:: Your objective ::
In the records below, find the line with "Seagate Of Gulfstream, 2010", then copy each line exactly until you have copied the line with "Bed in Sun Gathering House". Leave any picture out.

:: Supplied data ::
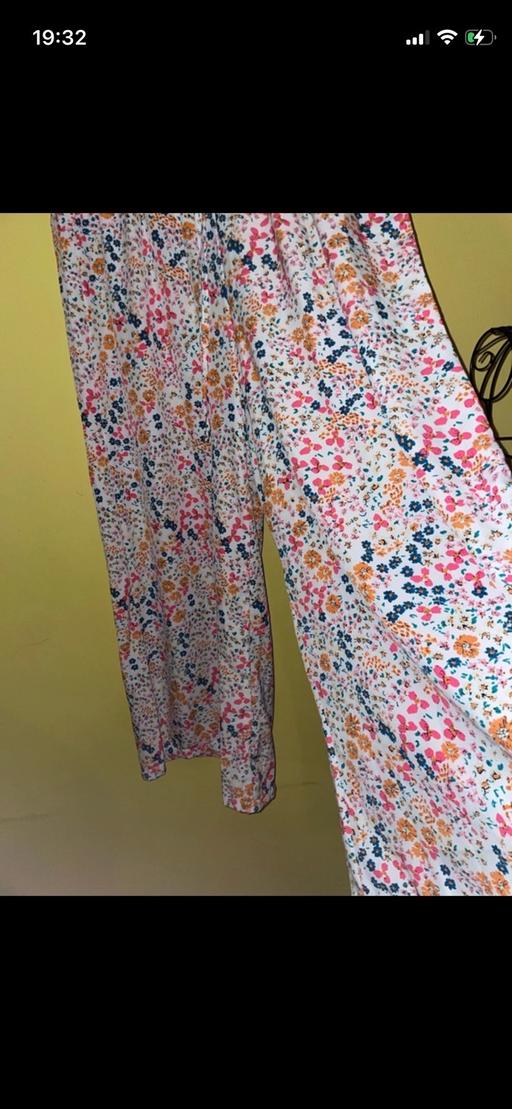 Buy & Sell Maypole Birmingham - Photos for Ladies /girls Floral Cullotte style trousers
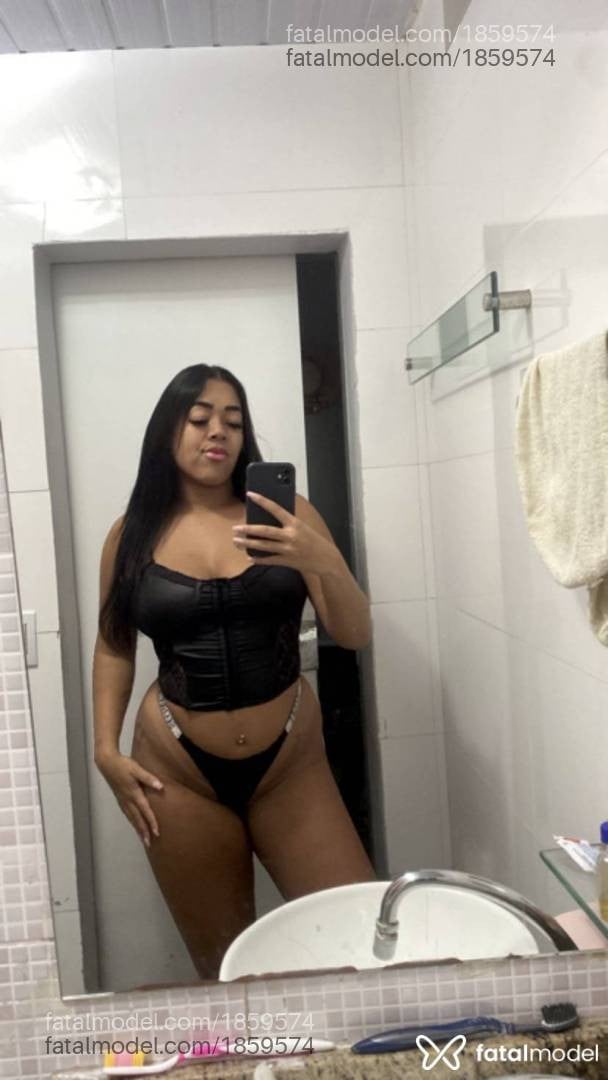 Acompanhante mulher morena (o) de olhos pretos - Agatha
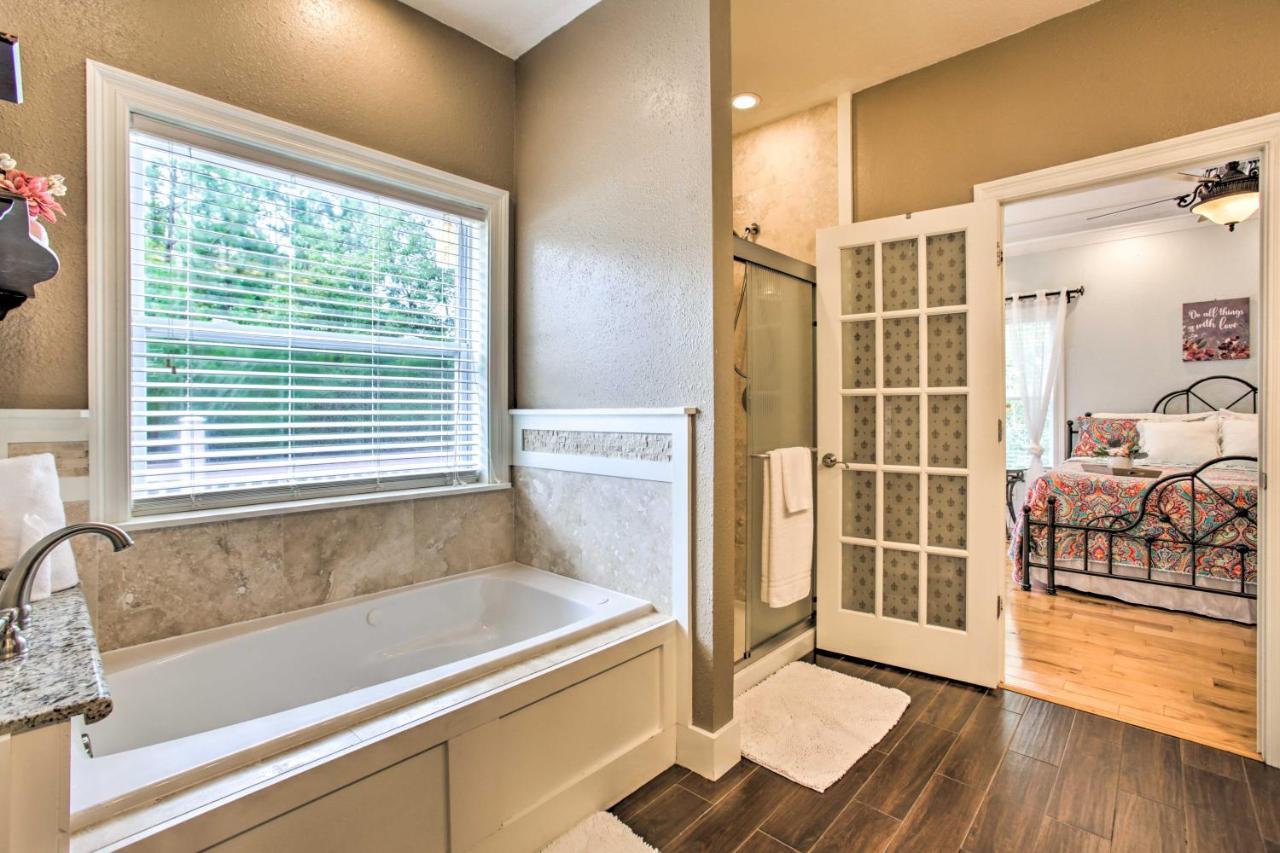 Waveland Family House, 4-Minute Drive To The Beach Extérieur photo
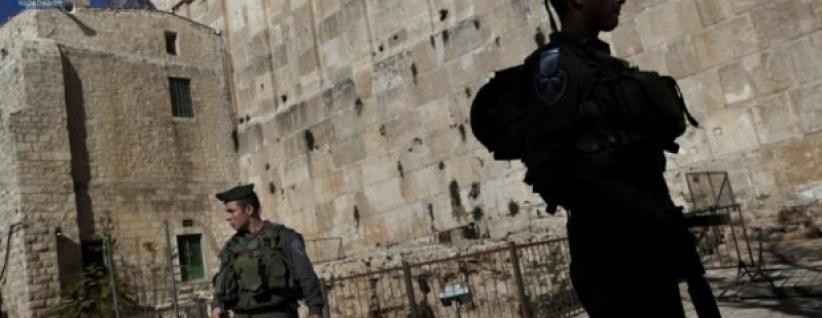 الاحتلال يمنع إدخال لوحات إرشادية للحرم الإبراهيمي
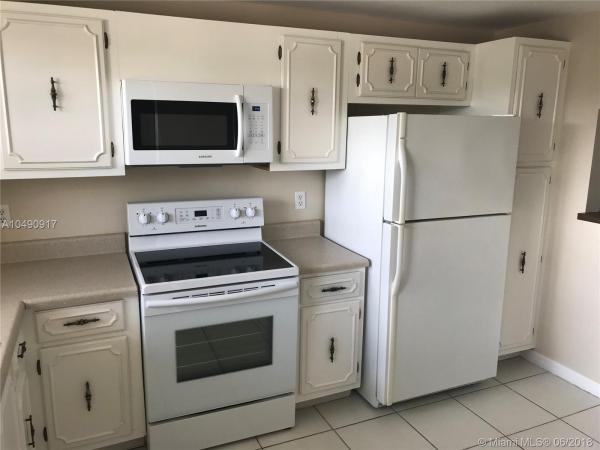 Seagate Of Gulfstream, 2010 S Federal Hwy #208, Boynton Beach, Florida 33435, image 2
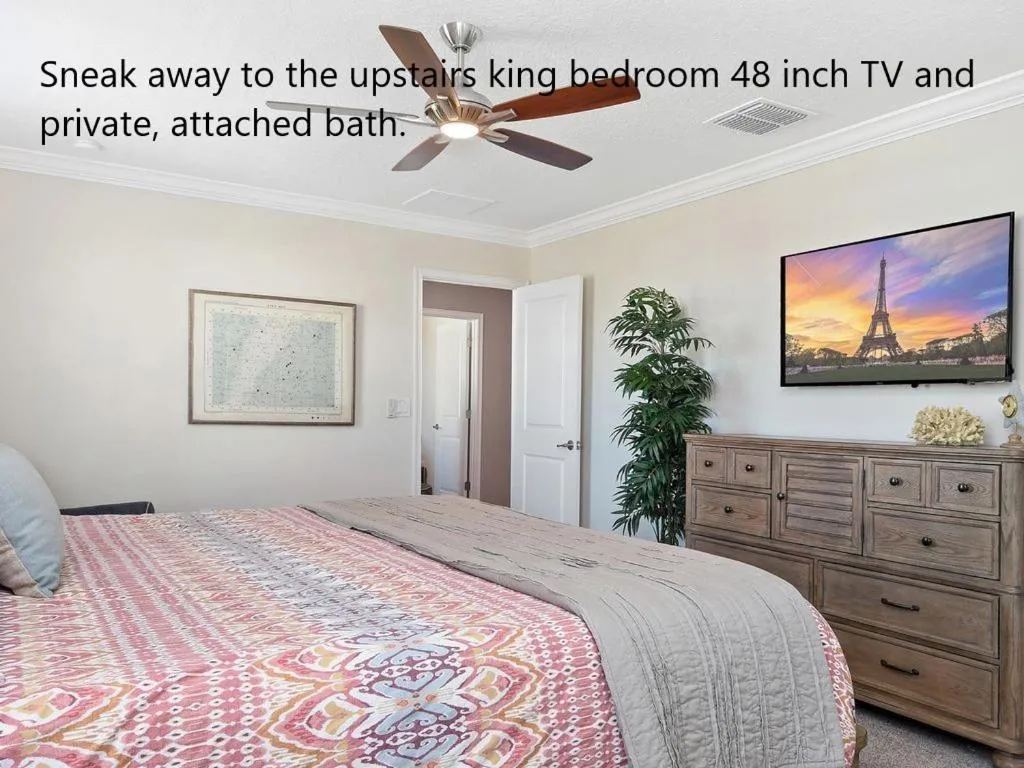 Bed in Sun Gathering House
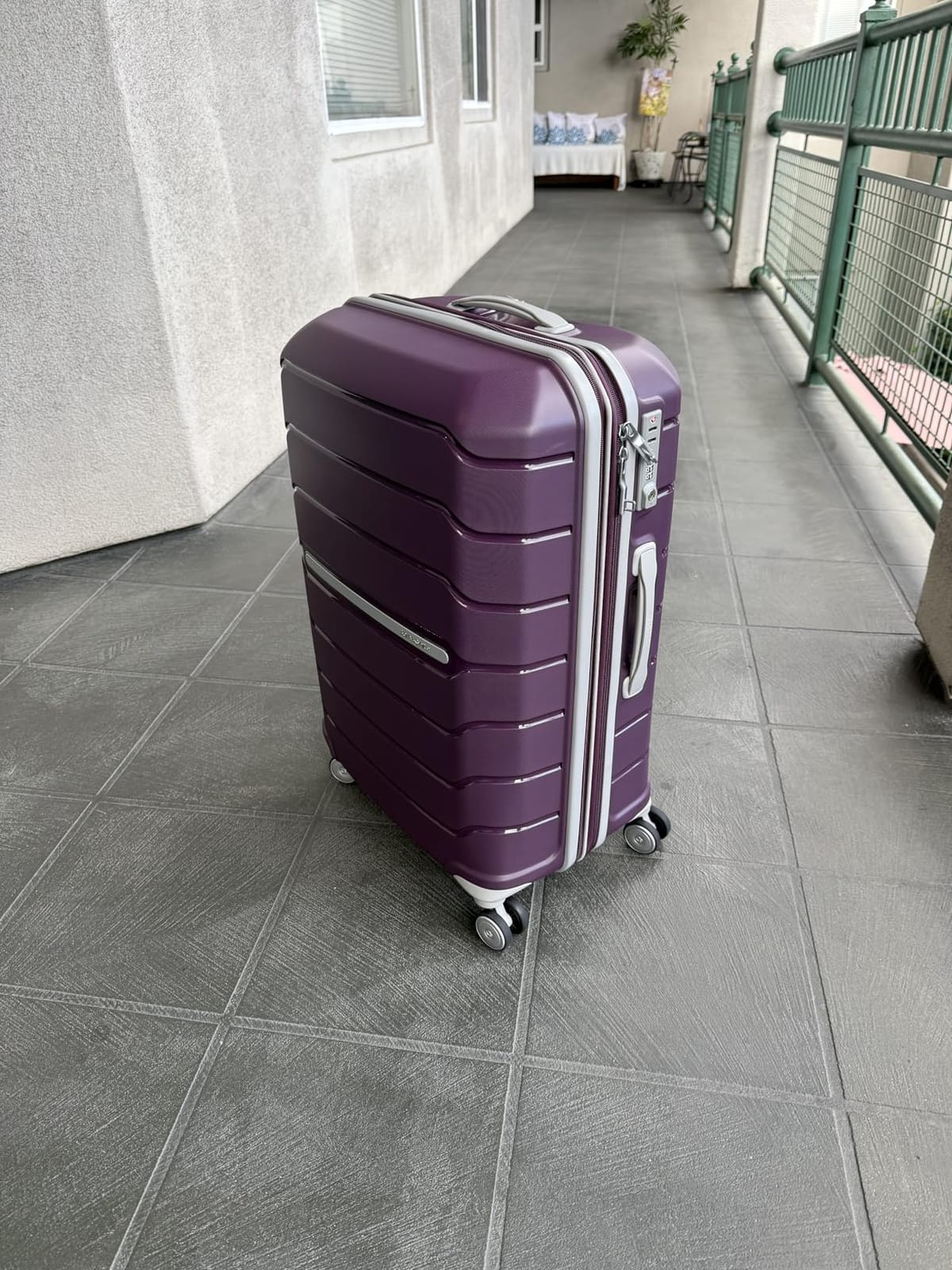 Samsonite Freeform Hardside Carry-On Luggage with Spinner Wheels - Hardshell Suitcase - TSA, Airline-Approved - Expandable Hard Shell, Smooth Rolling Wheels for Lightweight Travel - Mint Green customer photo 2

---

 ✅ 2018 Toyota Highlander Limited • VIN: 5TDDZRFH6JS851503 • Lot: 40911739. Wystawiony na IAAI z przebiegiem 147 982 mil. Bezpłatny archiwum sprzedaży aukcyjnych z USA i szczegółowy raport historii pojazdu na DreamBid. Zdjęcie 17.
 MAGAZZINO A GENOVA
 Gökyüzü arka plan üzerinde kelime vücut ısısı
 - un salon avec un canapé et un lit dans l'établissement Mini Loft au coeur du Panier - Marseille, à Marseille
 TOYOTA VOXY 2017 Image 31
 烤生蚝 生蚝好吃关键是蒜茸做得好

==

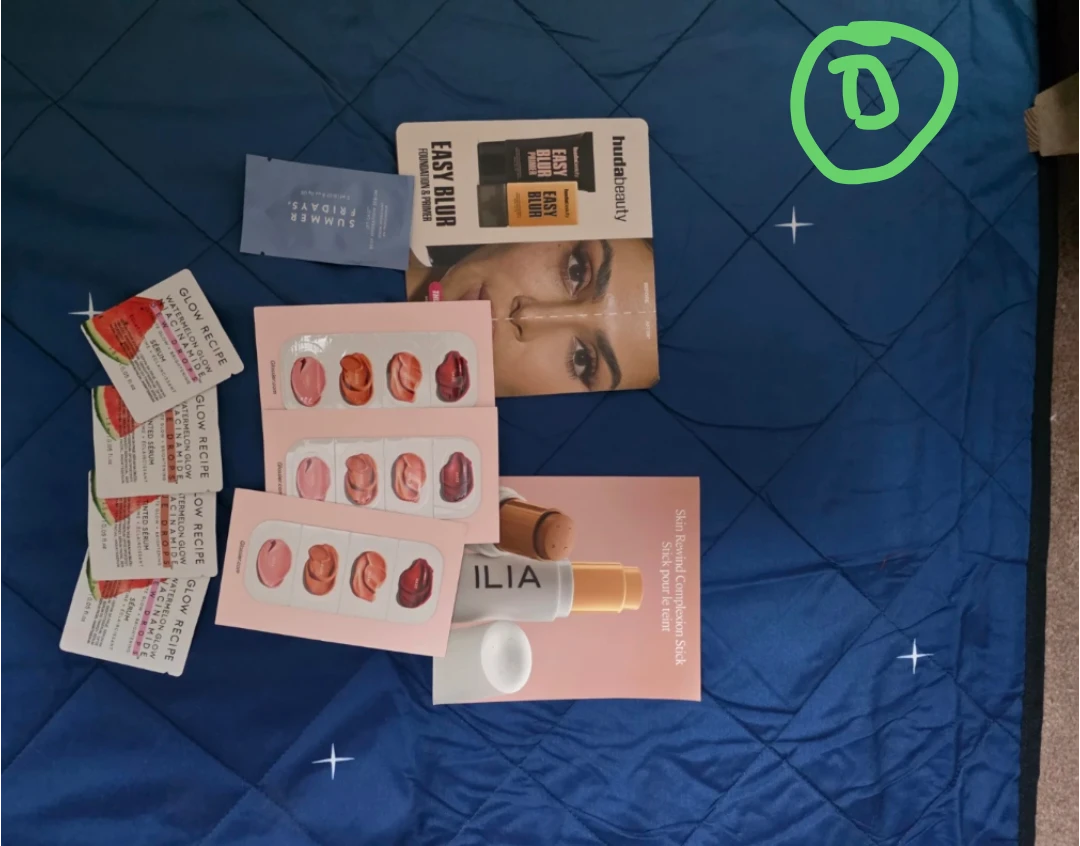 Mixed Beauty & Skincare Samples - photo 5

:: The completed task ::
 Seagate Of Gulfstream, 2010 S Federal Hwy #208, Boynton Beach, Florida 33435, image 2
 Bed in Sun Gathering House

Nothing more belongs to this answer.